The idea is the following:


*

*For each edge of $C$, find the closest point to $p$ on that edge.

*If the closest point is not an endpoint or is an endpoint that is not a reflex angle, extend the edge into a line.

*If the closest point is an endpoint $v$ that is a reflex angle, draw a line that passes through $v$ and is orthogonal to the line segment from $p$ to $v$.

*For each line from (2) and (3), construct the half-plane containing $p$ bounded by that line.

*$I$ is the polygon created by the intersection of all half-planes from (4).


$I$ will be convex because it is the intersection of half-planes.
For example, in the following figure, the solid black boundary forms $C$, the blue lines are the ones constructed in step (1) orthogonal to the corresponding dotted lines, and the gray region is $I$.
Below is the original construction, which @HSN pointed out was completely incorrect.
Suppose you are given a simple (but not necessarily convex) polygon $C$ and a point $p$ inside this polygon.
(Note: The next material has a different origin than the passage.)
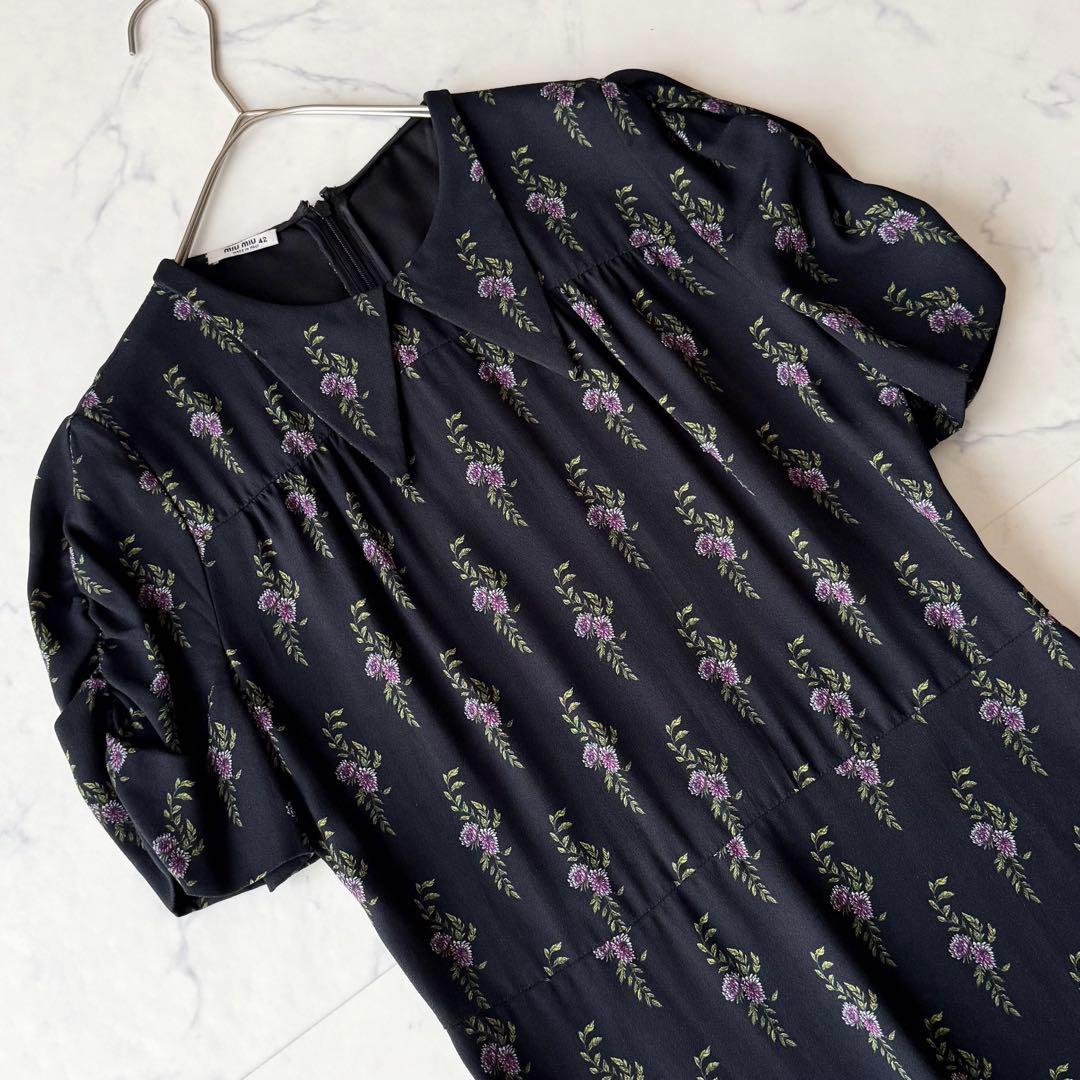 ミュウミュウ 小花柄 ワンピース フレア パフスリーブ ギャザー 襟付き 42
I have a particular way of inscribing a convex polygon $I$ within $P$, and I would like to know (a) if this is a known concept from geometry and (b) if there exists an efficient algorithm for computing $I$.
The idea is the following:


*

*For each vertex $v$ of $C$ that forms a reflex interior angle (between 180 and 360 degrees), draw a line that passes through $v$ and is orthogonal to from $p$ to $v$.

*For each line from (1), construct the half-plane containing $p$ bounded by that line.

*$I$ is the polygon created by the intersection of $C$ with all half-planes from (3).


For example, in the following figure, the solid black boundary forms $C$, the blue lines are the ones constructed in step (1) orthogonal to the corresponding dotted lines, and the gray region is $I$.

 A: I'm not convinced this construction actually works for any $p$ and $C$ and I don't think I've come across this particular construction before. Why am I doubtful?
To make things somewhat easier, let's give all vertices in your picture a name. The point at the left-hand bottom is $A$, at the right-hand bottom $B$ and continuing counterclockwise up to $H$. The two vertices having a reflex interior angle are $E$ and $F$. We will elongate the line segment $EF$ and let $S$ be the intersection of this line with $AH$.
Now, look what happens if we choose $p$ inside of the rectangle $SFGH$. The perpendicular to $pE$ through $E$ cuts off a triangle having $ED$ as a side (and a third point on $CD$). When also using the perpendicular to $pF$ through $F$, we also get a trapezoid shape having $EF$ as a side.
I'm not good at quickly making pictures that look alright and don't like using a link that may expire, but the following is a horrible illustration of what I mean. Maybe someone would like to improve it. As you can see, the result consists of two polygons joined at the vertex $E$ and is not convex.